Let’s understand this concept of breaking down a file in blocks with an example. Suppose you have uploaded a file of 400MB to your HDFS then what happens is, this file gets divided into blocks of 128MB + 128MB + 128MB + 16MB = 400MB size. Means 4 blocks are created each of 128MB except the last one.

Why are these blocks very huge?

There are mainly 2 reasons as discussed below:

  • Hadoop File Blocks are bigger because if the file blocks are smaller in size then, in that case, there will be so many blocks in our Hadoop File system i.e. in HDFS. Storing lots of metadata in this small file blocks in a very huge amount becomes messy which can cause network traffic.
  • Blocks are made bigger so that we can minimize the cost of seeking or finding. Because sometimes time taken to transfer the data from the disk can be more than the time taken to start these blocks.

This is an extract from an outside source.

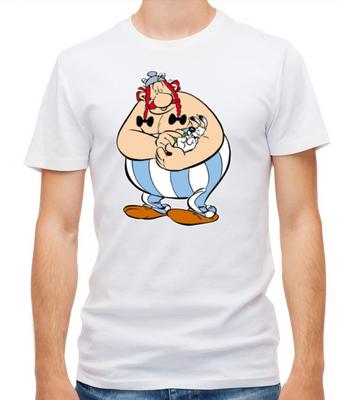 T-shirt da uomo a maniche corte Obelix Bianco/Nero H517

Before uploading our file, we must check whether there are any files already present in the cluster or not. To do the same we will use the following command:

#cmd to check files in the cluster
- hadoop fs –ls /

After checking the existing file in the cluster we will upload our file into the cluster using the following command:

#command to upload a file
- hadoop fs –put <filename> /”

To upload the file it will take some time depending upon the internet speed on which you are uploading.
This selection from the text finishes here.